Lyft’s LYFT, -2.03% first-quarter results were not an auspicious beginning for the ride-hailing company, as it reported quarterly losses that topped $1 billion thanks to the stock-based compensation that is always an issue in the first quarter after initial public offerings. Even after adjustments, Lyft claimed losses of more than $200 million, or $9.02 a share — a figure that is inflated because shares related to the IPO were not used in its share count, which was captured at the end of the quarter and before the IPO closed. Shares bounced around in after-hours action, finishing the extended session down 1.8%.
Lyft reported first-quarter revenue of $776 million, better than analysts’ expectations, but Lyft’s revenue does not tell the entire story. As MarketWatch has detailed with both Lyft and rival Uber Technologies Inc. UBER, +0.00% , ride-hailing companies are reporting only part of each transaction, the amount of money that goes to the company instead of the driver.
Both companies had been offering potential investors numbers that gave a look at the full operations. Lyft offered total bookings information in its pre-IPO regulatory filings for 2016, 2017 and 2018, which is the total revenue generated by the ride-hailing app including the total paid to drivers. That information gives investors a better feel for pricing trends, the size of the ride-hailing market and offers insight into how much of the money is going to drivers, with Lyft even breaking down revenue as a percentage of bookings to provide information on the latter.
When earnings arrived Tuesday, however, bookings and all the related information were nowhere to be found. When asked about it at the end of the company’s conference call, Chief Financial Officer Brian Roberts said that because Lyft is expanding beyond ride-hailing into bikes and scooters, investors just wouldn’t be able to understand the bookings data.
“Our historical business was virtually entirely a ride-sharing marketplace, and so we included bookings and take so investors could understand the monetization trends. We are now aggressively investing in new areas including those where revenue equals bookings and so we really wanted to try to avoid investor confusion,” Roberts said, while insisting that bookings were “absolutely a positive metric for us in the first quarter.”
While Lyft suggested that investors’ poor little brains just couldn’t handle a separate figure outlining the actual size of its business, that certainly wasn’t the case with the bottom line.

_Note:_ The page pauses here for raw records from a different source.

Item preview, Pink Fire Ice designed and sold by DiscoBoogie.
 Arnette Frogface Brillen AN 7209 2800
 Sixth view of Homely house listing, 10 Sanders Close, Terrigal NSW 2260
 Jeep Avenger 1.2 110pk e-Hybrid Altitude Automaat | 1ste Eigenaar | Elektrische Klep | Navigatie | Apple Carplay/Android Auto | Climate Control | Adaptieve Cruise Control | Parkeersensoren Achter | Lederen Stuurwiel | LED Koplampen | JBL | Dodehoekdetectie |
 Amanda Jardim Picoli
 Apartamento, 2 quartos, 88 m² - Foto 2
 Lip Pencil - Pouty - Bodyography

Lyft offered investors several different versions of profitability, including GAAP and non-GAAP net income, GAAP and non-GAAP operating income, and adjusted Ebitda, with vast differences in all those numbers. Lyft even offered an extremely nontraditional “adjusted cash” figure in supplemental materials, so that it could add in the IPO proceeds even though the company received them after the quarter was over.
Lyft did not offer any other numbers that could provide visibility into the revenue breakdown, though. No separate revenue on its forays into shared bikes and scooters, nor expected financial information on its just-announced relationship with Waymo, the self-driving car business owned by Alphabet Inc. GOOG, -1.29% GOOGL, -1.22% .
The company said that it expects 2019 will be its peak year of losses, estimating adjusted Ebitda of more than $1.1 billion for the year, which means all its other ways of counting losses will lead to much higher totals. While Roberts said Lyft will then move “steadily toward profitability on a consolidated basis,” he did not detail exactly how Lyft executives expect it to become profitable.
Maybe that information would have been just too confusing for investors as well.